PRO TIP 2 : What if the assumptions are not reasonable??

We run into situations all the time when one or more of our assumptions for inference are not met. In this case, we should not use the hypothesis tests and confidence intervals we learned in class that rely on t-distributions, as the theory that let us use those methods no longer applied.

Instead, we use randomization methods to perform hypothesis tests and confidence intervals when assumptions for inference are not met. We will explore how these are built in more depth later, but for now, here are the codes you need!

Hypothesis Test

Put the following in a chunk and press play.
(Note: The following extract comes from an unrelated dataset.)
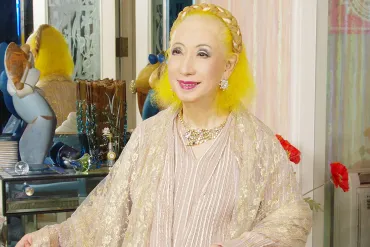 美輪明宏に学ぶ、清く美しく生きるコツ「人付き合いは゛腹六分゛で」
DO NOT CHANGE ANYTHING.

randomizationHT <- function(mydata, Y, X,whereX){
  
  mydata <- data.frame(mydata)
  
  model <- lm( mydata[,Y] ~ ., data = mydata[,-Y])
  samplestat <- model$coefficients[whereX+1]
  
  storage <- rep(NA,1000)
  
  newdata <- mydata
  for(i in 1:1000){
    newdata[,X] <- mydata[sample(1:nrow(mydata),nrow(mydata)),X]
    
    model <- lm( mydata[,Y] ~ ., data = newdata[,-Y])
    storage[i] <- model$coefficients[whereX+1]
  }
  
  if(samplestat <0){
    pvalue <- length(which(storage <= samplestat ))/1000
  }
  
  if(samplestat > 0){
    pvalue <- length(which(storage >= samplestat ))/1000
  }
  
  pvalue
  
  
}

To run the HT, use the following:

randomizationHT(mydata, Y, X, whereX)

• mydata = replace with your data set
• Y = replace with the number of the column where \(Y\) is in your data set.
• X = replace with the number of the column where the \(X\) you are doing inference on is in your data set.
• whereX = the number of the \(\beta\) you are testing + 1. This means if you are testing \(\beta_2\), you use whereX = 3.

The number you get is the p-value for your test.

Confidence Intervals

Put the following in a chunk and press play. DO NOT CHANGE ANYTHING.

randomizationCI <- function(mydata, Y, X,whereX){
  
  mydata <- data.frame(mydata)
  set.seed(112)
  
  model <- lm( mydata[,Y] ~ ., data = mydata[,-Y])
  samplestat <- model$coefficients[whereX]
  
  storage <- rep(NA,1000)
  
  newdata <-mydata
  for(i in 1:1000){
    newdata<- mydata[sample(1:nrow(mydata),nrow(mydata),replace = TRUE),]
    
    model <- lm( newdata[,Y] ~ ., data = newdata[,-Y])
    storage[i] <- model$coefficients[whereX+1]
  }
  
  upper <- quantile(storage, .975)
  lower <- quantile(storage, .025)
  
  print(lower)
  print(upper)
  
}

To build a 95% CI, use the following:

randomizationCI(mydata, Y, X, whereX)

• mydata = replace with your data set
• Y = replace with the number of the column where \(Y\) is in your data set.
• X = replace with the number of the column where the \(X\) you are doing inference on is in your data set.
• whereX = the number of the \(\beta\) you are testing. This means if you are testing \(\beta_2\), you use whereX = 2.

Question 13

Choose one coefficient (any one you like) and run a test to check to see if the data provide evidence that the population value of this coefficient would be statistically different from 0. You do not need to show all your steps, but you DO need to (1) state the hypotheses, (2) state the p-value, and (3) state the conclusion clearly in the context of the data (so useful for a person interested in the topic).

Question 14

Choose one coefficient (any one you like) and build and interpret a 95% confidence interval for that coefficient.

Question 15

Suppose my model is called \(modelMine\) and my data is called \(dataset\), with variables \(x\) and \(y\). To create a plot of the predictions versus the true values of \(Y\), the code is:

ggplot( dataset, aes( x = y, y = predict(modelMine))) + 
  geom_point( ) + 
  labs( x = "True value of Y", y = "Predicted value of Y" ) + 
  stat_smooth(formula = y ~ x, method = "lm", se = FALSE)

Create the plot using the code above, adapting the code and labels as needed to suit your data. Based on the plot, comment on the predictive abilities of your model. Again, comment so that a friend who is interested in the subject but does not know statistics can understand how well the model is doing at prediction.